The Walk is Nigh

Monday 25th September 2023

Strasbourg to Eguisheim in the Alsace

Today we started to get ready to move into walking mode. Headed off for the Laundromat duties early and then off to the Cathedral for one last effort.

Despite some 100 people beating us to the punch we finally got in to view the interior. Not quite as ornate as many others it was huge and beautifully decorated. The local priests would have kept fit just walking up the stairs to the altar.

The three notable features are the enormous stained glass window , organ and the astrological clock.

Whilst the first two are beautiful in their own right calling the other one a clock does it a total injustice. It is one of the times where the word unique is appropriate.

It is an invention that has to be seen to understand how many things other than the time it calculates. The clock part itself has an array of features that operate on the 15 30 45 and 60 minute marks, ranging from bell ringing figures to a full parade of 12 deciples on the hour. It also calculates , days , months, years, lunar and solar events , seasons and religious days such as Easter Sunday. To be honest there were so many features we had to buy a book to get the full gamut.


As fable has it they were so intent on preserving its uniqueness they poked out the eyes of the designer so he could not replicate it. That might a little fact checking.

Being a place of worship there is a consciousness about silence and several times when the crowd got a bit raucous they played an automated SHOOSH – which did the trick.

So all that waiting and trying was worth the effort and we happily set off to the hotel to collect the luggage and head for the train to Colmar and bade farewell to Strasbourg.

Arrived at station about 10 minutes before train departed and another swift ride in a very comfortable fast train had us there in about 25 minutes.

Into an immaculate Mercedes cab, whose driver was particularly helpful , and we soon arrived in Eguisheim. I had to pinch myself that it was not a dream and we were in some fairy tale – it was a town straight from a Grimm Brothers book.

Our hotel was able to house us immediately in a room 3 times the size of Strasbourg , but with lots of beams and a sloping ceilings. One in the bathroom was particularly challenging and required gymnastics to undertake ablutions.

The ceiling had a nice piece of artwork above the bed depicting birds and their nests. It was in stark contrast to the mural in our previous converted convent hotel depicting drunken , slobbering Monks leering at and touching up maidens. Obviously an owner with a quirky sense of humour.

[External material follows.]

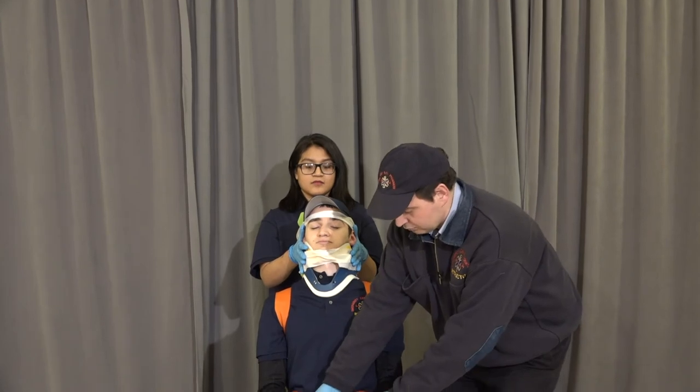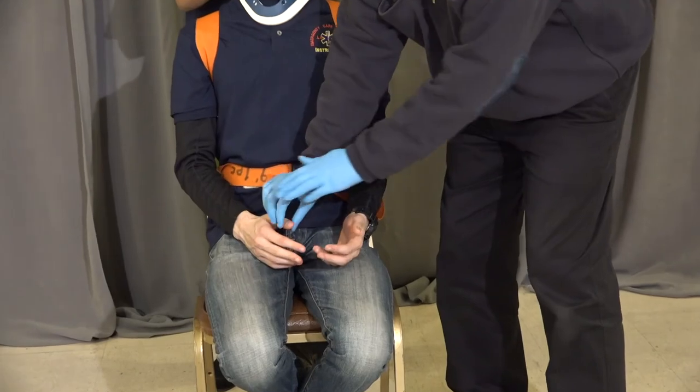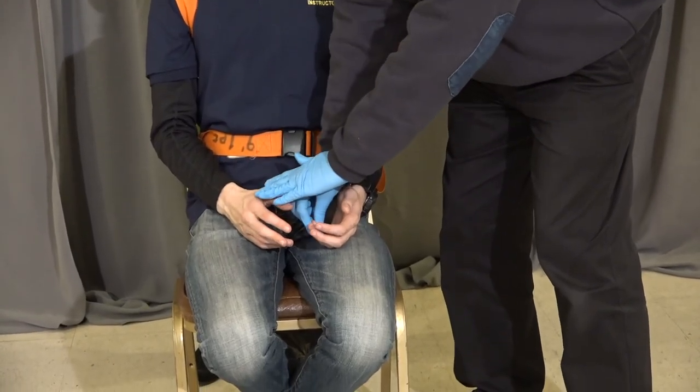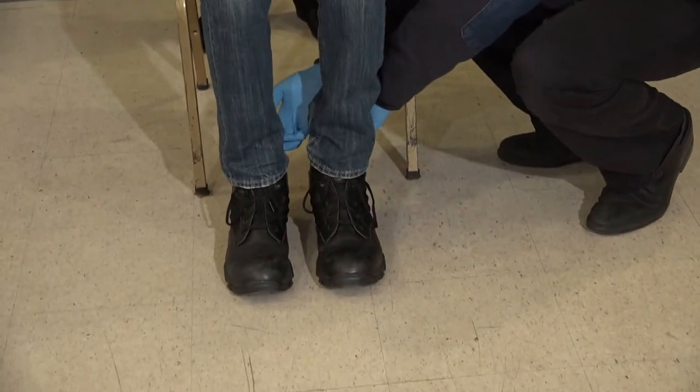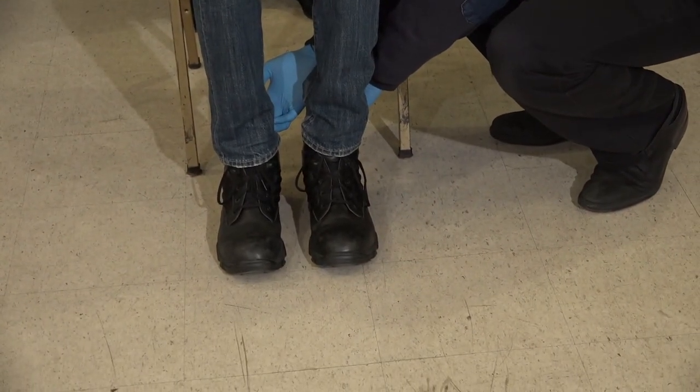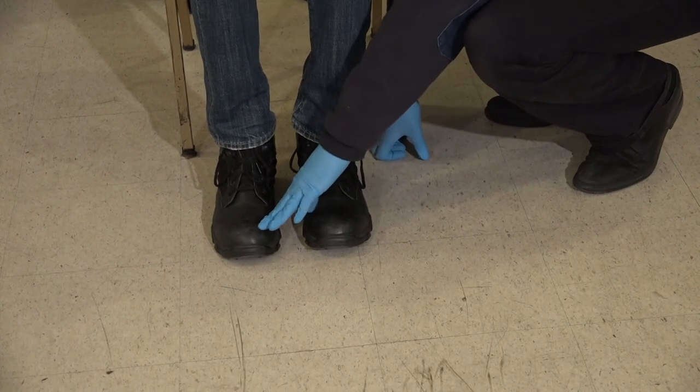We're going to recheck distal pulses. Wiggle your fingers. Which finger? And this? Thank you. Great. Checking distal pulses here. Wiggle your toes. Which toe? Little toe. And this foot? Big toe.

We headed out into the streets to take in the wonderland in a town stuck in the middle of vineyards, with many cellars and wineries plonked in the middle of town. Again the architecture was amazing with houses dating back to the 13th century. The area is famous for storks and lots of nests were on chimneys- some so big houseowners had reinforced them in preparation for the storks annual pilgrimage to the same nest.

The town square’s bars and restaurants were filled with a mix of day trippers, bikers and walkers – all doing a great trade.

We slipped into a winery for a wine degustation sampling a few, but unable to get a glassful, as none are licenced and they rely on bottle sales.

After a bit more wandering around it was back home to prepare our walking kit for tomorrow to tackle the hills behind the town where we will visit 3 castles on route to our next village.

Ended up in a nearby bar for pre dinner drinks sampling beer, wine and cheeses before heading back to the hotel for our dinner which is part of the trip package.

Sat down to dinner with a few others in an intimate environment, until two things changed the ambiance of the room. Firstly, it seemed someone was having pre dinner coffee only to find someone had lent against the coffee machine and had coffee cascading all over the place. A bit non-plussed the offender skulked off to their table. Jane remarked ‘ I thought only you would do something like that’ .

Next it was a band of aging Swiss on a bus tour who marched in- all 40 of them.They occupied every spare seat in the place.

Dinner was an entree similar to a Caesar salad, followed by sauerkraut, portk, Frankfurt, with a couple of potatoes. The size of the serving would have fed several. Left a lot to save room for the lovely fruit pie. Hydrated with a small beer, served in a glass the size of a vase.

That ended a very eventful day in the Alsace.